Lens. An optical device for focusing a desired scene onto the imaging device in a CCTV camera.
Level. When relating to a video signal it refers to the video level in volts. In CCTV optics, it refers to the auto iris level setting of the electronics that processes the video signal in order to open or close the iris.
Line-locked. In CCTV, this usually refers to multiple cameras being powered by a common alternative current (AC) source (either 24 V AC, 110 V AC or 240 VAC) and consequently have field frequencies locked to the same AC source frequency (50 Hz in CCIR systems and 60 Hz in EIA systems).
Liquid crystal display (LCD). A screen for displaying text/graphics based on a technology called liquid crystal, where minute currents change the reflectiveness or transparency of the screen. The advantages of LCD screens are very small power consumption (can be easily battery driven) and low price of mass-produced units.
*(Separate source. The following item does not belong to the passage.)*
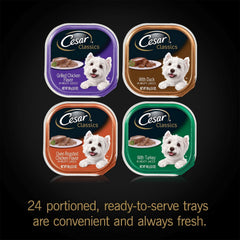 Cesar Classic Loaf in Sauce Oven Roasted Chicken tray highlighting convenient easy-peel packaging.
The disadvantages are narrow viewing angle, slow response (a bit too slow to be used for video), invisibility in the dark unless the display is back lighted, and difficulties displaying true colors with color LCD displays.
Lumen [lm]. A light intensity produced by the luminosity of 1 candela in one radian of a solid angle.
Luminance. Refers to the video signal information about the scene brightness. The measurable, luminous intensity of a video signal. Differentiated from brightness in that the latter is nonmeasurable and sensory. The color video picture information contains two components, luminance (brightness and contrast) and chrominance (hue and saturation). The photometric quantity of light radiation.
LUT. Look-up table. A cross-reference table in the computer memory that transforms raw information from the scanner or computer and corrects values to compensate for weakness in equipment or for differences in emulsion types.
Lux [lx]. Light unit for measuring illumination. It is defined as the illumination of a surface when luminous flux of 1 lumen falls on an area of 1 m2. It is also known as lumen per square meter, or meter-candelas.